(Raw data)
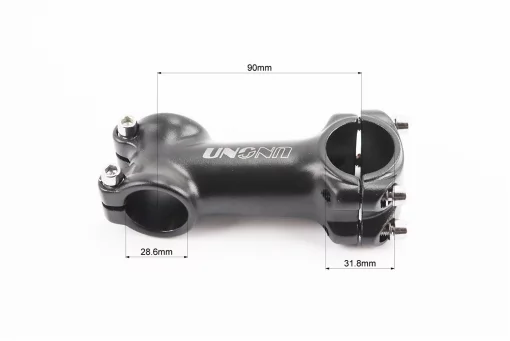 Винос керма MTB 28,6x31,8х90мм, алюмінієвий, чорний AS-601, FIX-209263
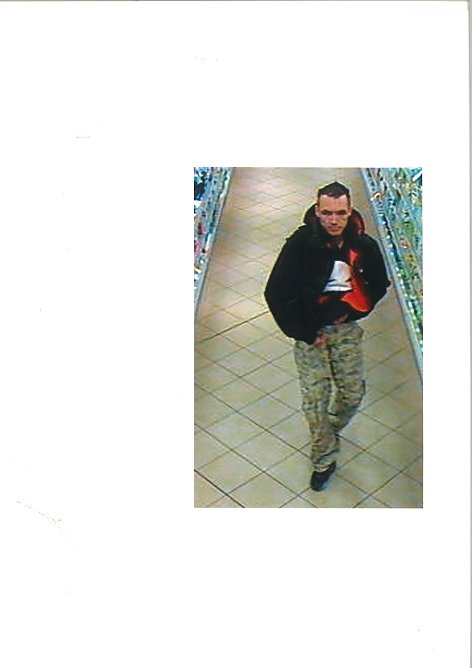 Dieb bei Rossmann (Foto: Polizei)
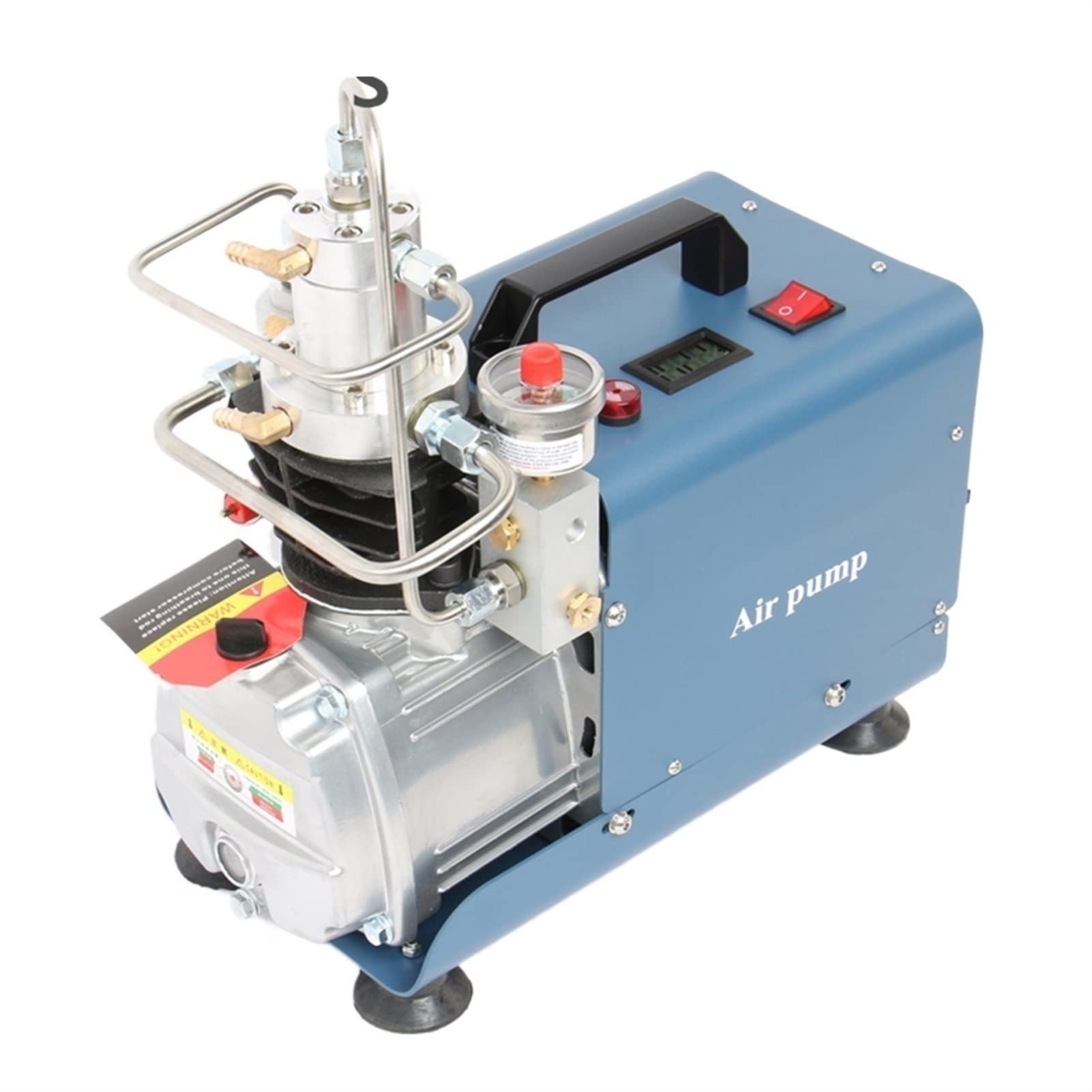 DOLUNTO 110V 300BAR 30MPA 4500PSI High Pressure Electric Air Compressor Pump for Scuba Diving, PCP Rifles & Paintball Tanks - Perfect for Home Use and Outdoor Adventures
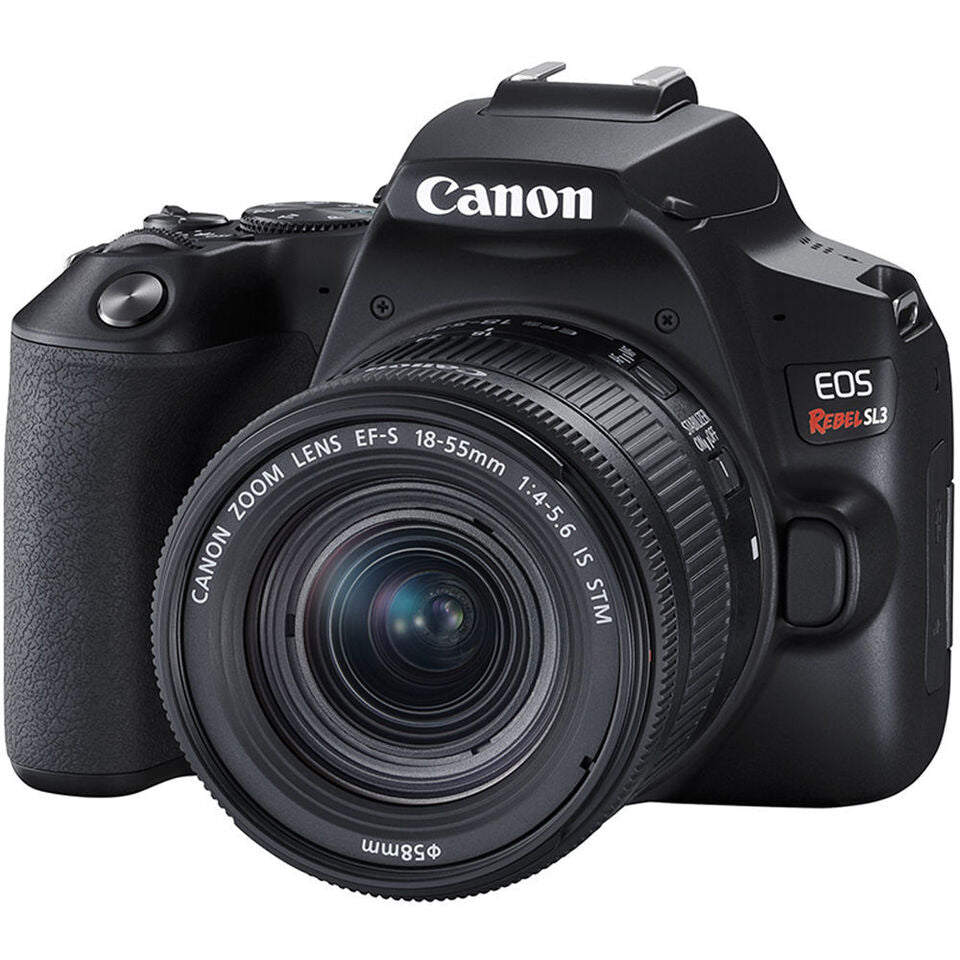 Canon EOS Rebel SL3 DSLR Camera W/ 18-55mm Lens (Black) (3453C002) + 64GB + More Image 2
(End Raw data)
__Aim of the exercise__.
Find the line that contains "Dieb bei Rossmann (Foto: Polizei)". Copy it and every line after it through the end of the listing exactly, but not the pictures.

__Written solution__.
 Dieb bei Rossmann (Foto: Polizei)
 DOLUNTO 110V 300BAR 30MPA 4500PSI High Pressure Electric Air Compressor Pump for Scuba Diving, PCP Rifles & Paintball Tanks - Perfect for Home Use and Outdoor Adventures
 Canon EOS Rebel SL3 DSLR Camera W/ 18-55mm Lens (Black) (3453C002) + 64GB + More Image 2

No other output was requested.